Preliminary estimates put the Calypso exploration well at between 1 to 3.5 million standard cubic meters (MSm3) of recoverable oil.
That is the equivalent of between 6 and 22 million barrels of oil equivalent (boe).
Not to be confused with the major find off Cyprus in 2018, Calypso is London-headquartered Neptune’s third discovery in six months on the Norwegian Continental Shelf.
Managing director for the independent company in Norway and the UK, Odin Estensen, said: “We actively explore in areas close to existing infrastructure. These near-field discoveries allow for low cost and low carbon developments.
“Initial analysis of Calypso indicates commercial potential. Together with our partners in the Calypso licence we will now study options to effectively develop the discovery using nearby infrastructure.”
Calypso is located within “one of Neptune’s core areas”, about nine miles north-west of the Draugen field and 14m north-east of the Njord A platform.
Well 6407/8-8S was drilled to a vertical depth of 3,496 metres.
It encountered an estimated 8 metre thick gas column and 30 metre thick oil column, in a 131 metre thick Garn Formation sandstone reservoir, of “good to very good quality”.
Spudded by Odfjell Drilling’s Deepsea Yantai semi-submersible, Calypso is divided operator Neptune (30%), OKEA (30%), Pandion Energy (20%) and Vår Energi (20%).

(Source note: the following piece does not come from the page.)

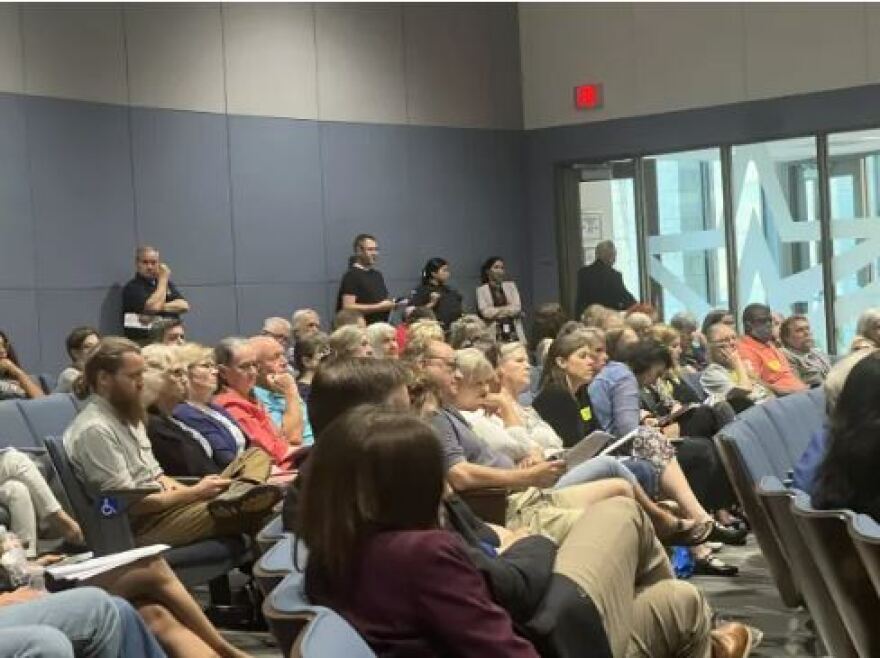 Dozens of supporters and opponents of Total Energines’ proposal to drill two new wells in southeast Arlington filled Arlington City Hall on May 23, 2023. Total operates as TEP Barnett in North Texas.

Neptune secured a contract extension for the rig, which kicked off drilling in November, last year, booking it for an additional three wells in Norwegian waters including at Fenja, Ofelia and finally Calypso.
Ofelia was completed in August, with the NPD quoting a resource range of 15.7 – 39 million boe.
Neptune has been the subject of numerous M&A rumours in the last year, with speculation at one stage it was mulling combining with Harbour Energy.